Infine, l’assalto all’arma bianca a tutti gli enti e a tutte le posizioni di sottogoverno. Ecco spuntare così tutti i vecchi amici di Prodi all’Iri: Maurizio Prato all’Alitalia, l’ex direttore generale dell’Iri Ciucci all’Anas, Nicolò Piazza a Sviluppo Italia, Dominedò alla Patrimonio spa.
Non poteva mancare una “spruzzatina” di bolognesi (ad esempio alla Consob) e di “figli di”: primo fra tutti Filippo Andreatta, nel cda di Finmeccanica.
Gli alleati di Prodi non si sono fatti mancare nulla:
* Pecoraro Scanio ha firmato una raffica di decreti di nomina alla presidenza dei parchi, non dimenticando Leo Autelitano, segretario dei verdi trombato alle elezioni in Calabria;
* Rutelli si è appropriato del cinema, con nomine a Cinecittà, all’Istituto Luce, a Filmitalia;
* Di Pietro ha sistemato anche il suo avvocato personale, Sergio Scicchitano;
* il viceministro De Piccoli si è occupato delle autorità portuali di Bari, Trieste e Livorno, ma scalpita per sistemare un altro autorevole trombato, l’ex sindaco di Civitavecchia, Tidei.

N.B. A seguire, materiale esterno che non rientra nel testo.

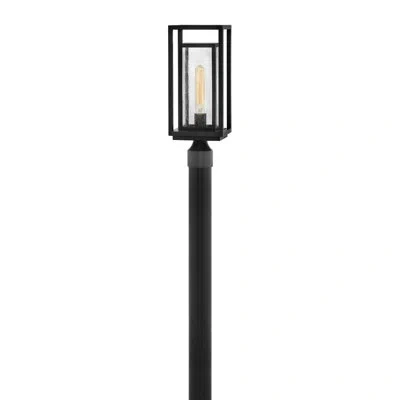 Hinkley Republic Black 1 - Light 17" H Hardwired Lantern Head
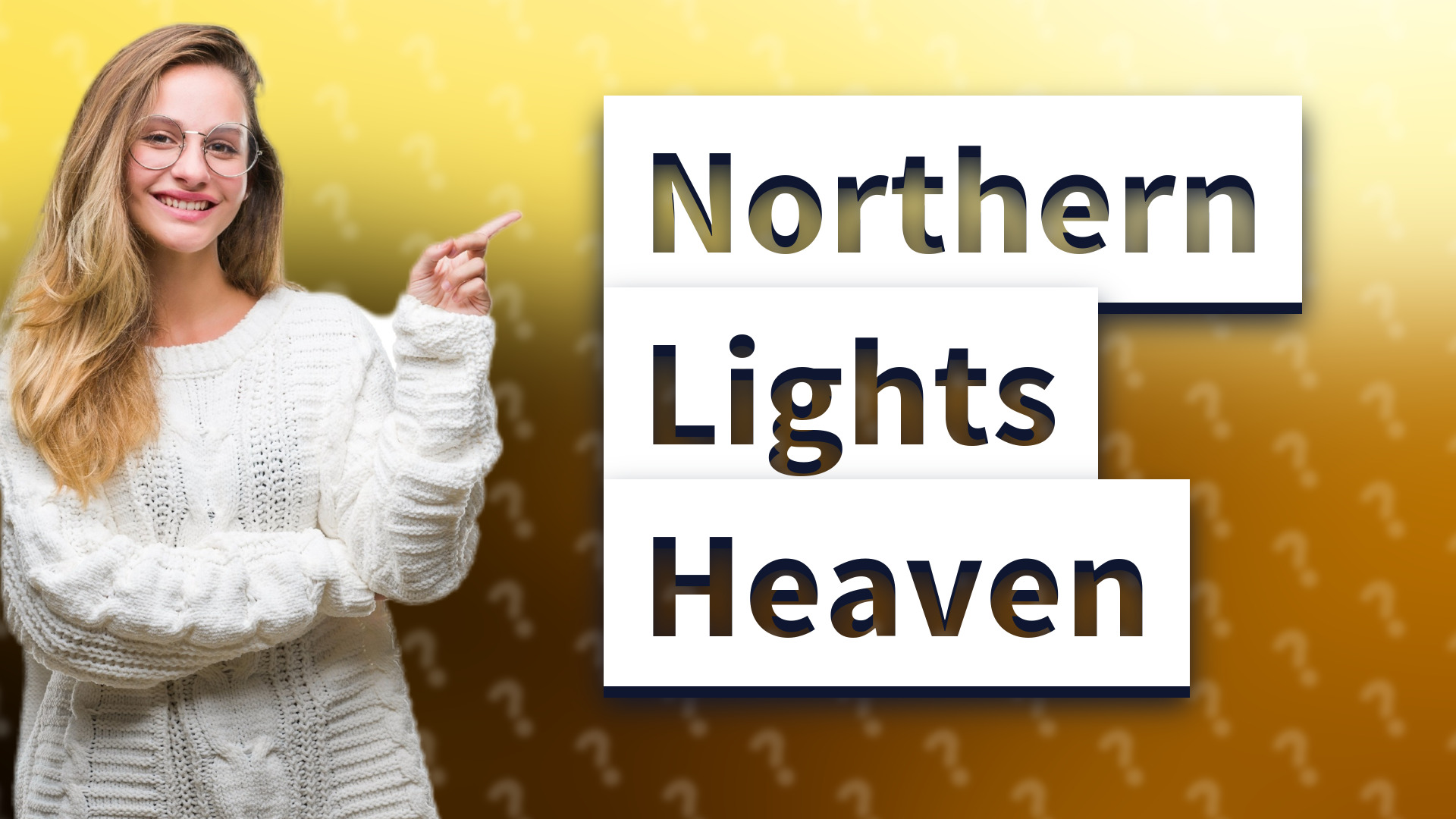 Northern Lights Heaven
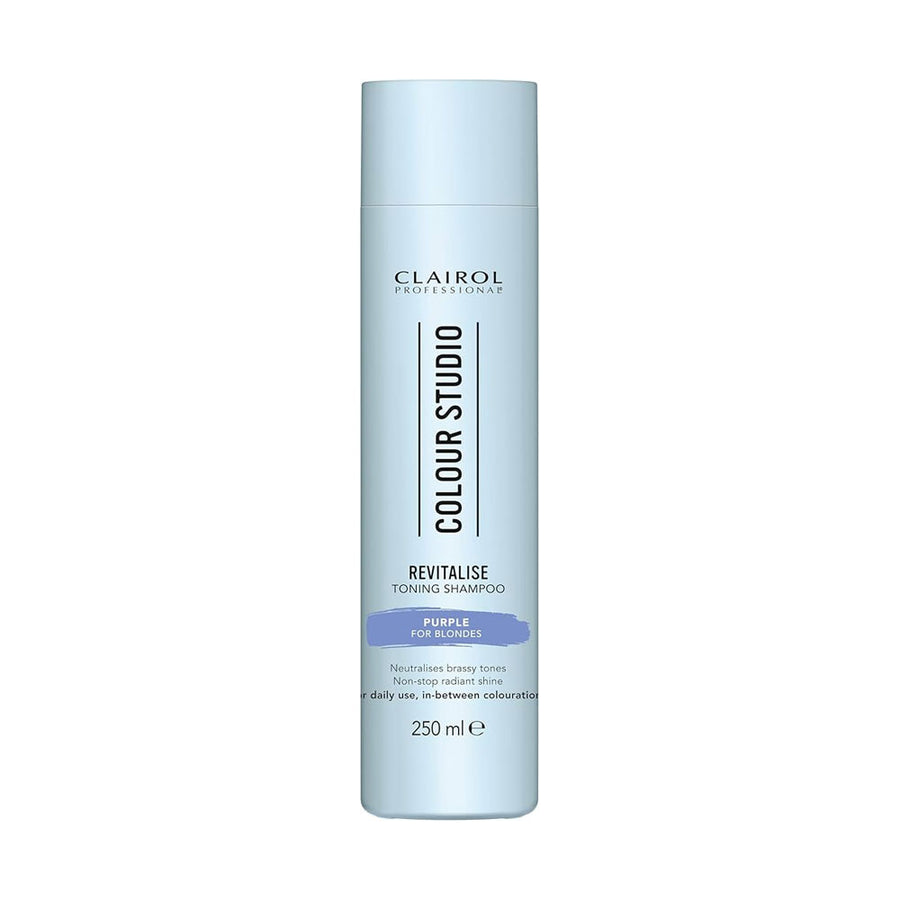 Clairol Toning Treatment Professional Colour Studio Revitalise Purple For Blondes 250ml
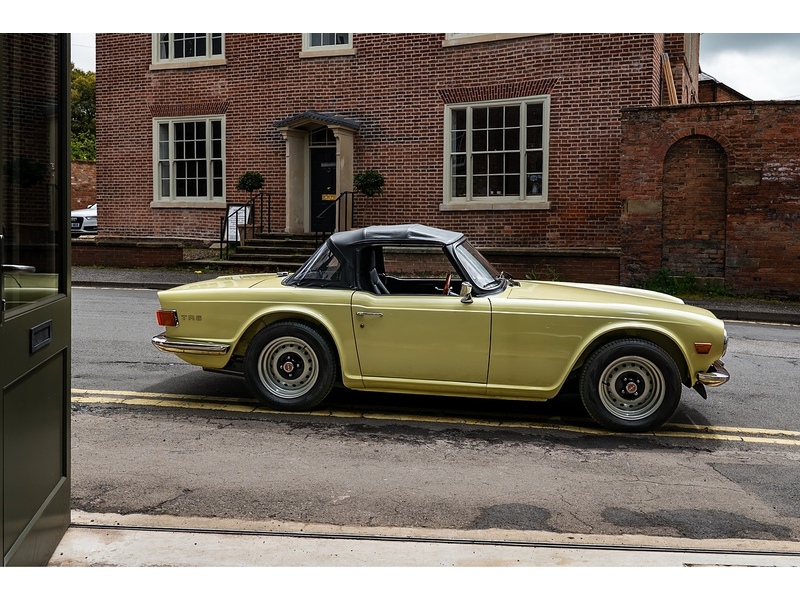 Triumph Convertible Convertible 2.5 Petrol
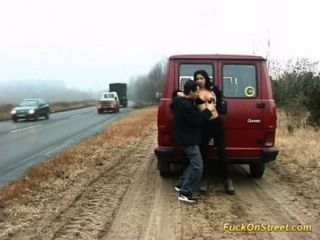 Fuck On Public Street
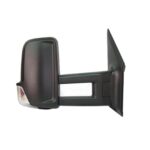 Retrovisore Sinistro Mercedes Sprinter 2006-2008 - Manuale Braccio Lungo Con Fanalino Con Cablaggio Corto 2Pin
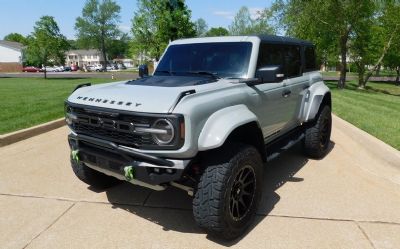 2022 Ford Bronco Raptor 4 Door Advanced 2022 Ford Bronco Raptor 4 Door Advanced 4X4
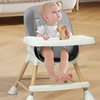 Image 11: Dekko Baby High Chair Adjustable Toddler Feeding Table 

Tra i grandi enti, le Poste sono già nel mirino. Purtroppo per Prodi Enel, Eni e Finmeccanica sono quotate in Borsa e dovrà aspettare le assemblee societarie del 2008. Ma non vede l’ora di arraffare anche queste: per Finmeccanica scalpita Zappa che, chi l’avrebbe mai detto, lavorava con il premier all’Iri.
L’unico colpo che non gli riuscito del tutto: la direzione generale della Rai, dove pure c’è un certo Cappon, che l’Iri ce l’ha nel sangue per paternità e per averci lavorato.
Prodi avrebbe voluto Perricone, che è andato alla Rcs. Ma il premier è stato ampiamente risarcito: è un settimanale rizzoliano Oggi, il cui direttore ha acquistato a peso d’oro le foto di Sircana e le ha tenute sapientemente sottochiave. Favori che non si dimenticano.